Paulus Yannis M, Wenick Adam S
Retina Division, Wilmer Eye Institute, Johns Hopkins University, Baltimore, Maryland.
Retin Cases Brief Rep. 2016 Summer;10(3):236-8. doi: 10.1097/ICB.0000000000000239.
BACKGROUND/PURPOSE: To report a novel ophthalmic finding of the development of chronic subretinal fluid in a patient with Kearns-Sayre syndrome.
An observational case report with funduscopic, angiographic, neurophysiologic, and optical coherence tomographic correlation.

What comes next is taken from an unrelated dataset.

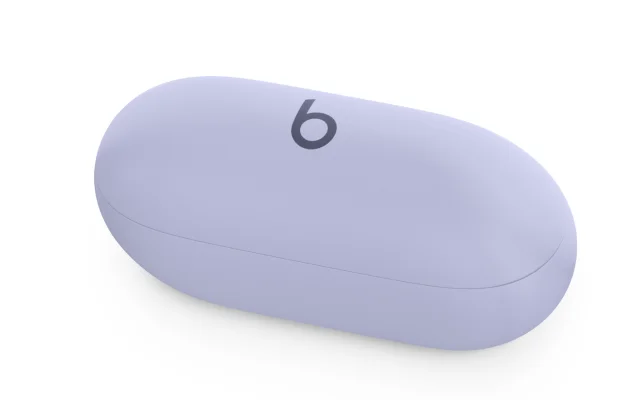 Beats Solo Buds: Apple veröffentlicht zum ersten Mal neue Firmware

An 11-year-old male with bilateral hearing loss, cerebellar dysfunction, short stature, low weight, ptosis, external ophthalmoplegia, and pigmentary retinopathy of both eyes developed chronic subretinal fluid below the central macula. This fluid has remained for more than 1.5 years. Genetic testing revealed a heteroplasmic 7,797 base pair mitochondrial deletion (m. 7638-1543del7797).
The authors report a novel physical finding of subfoveal fluid in a patient with Kearns-Sayre syndrome. The pathophysiologic etiology of this fluid and its localization to the subfoveal retina remains unclear. Patients with pigmentary retinopathy related to mitochondrial disorders should be monitored for the development of subretinal fluid, which can contribute to vision loss.
背景/目的:报告1例患有卡恩斯-塞尔综合征(Kearns-Sayre syndrome)的患者出现慢性视网膜下液这一新颖的眼科发现。
一份包含眼底镜检查、血管造影、神经生理学检查及光学相干断层扫描相关性的观察性病例报告。
一名11岁男性,患有双侧听力丧失、小脑功能障碍、身材矮小、体重偏低、上睑下垂、眼球外肌麻痹及双眼色素性视网膜病变,在黄斑中心下方出现慢性视网膜下液。该液体已持续超过1.5年。基因检测显示存在一个7797个碱基对的异质性线粒体缺失(m. 7638-1543del7797)。
作者报告了1例患有卡恩斯-塞尔综合征的患者出现黄斑下液这一新颖的体格检查发现。这种液体的病理生理病因及其在黄斑下视网膜的定位仍不清楚。对于与线粒体疾病相关的色素性视网膜病变患者,应监测视网膜下液的发生情况,其可能导致视力丧失。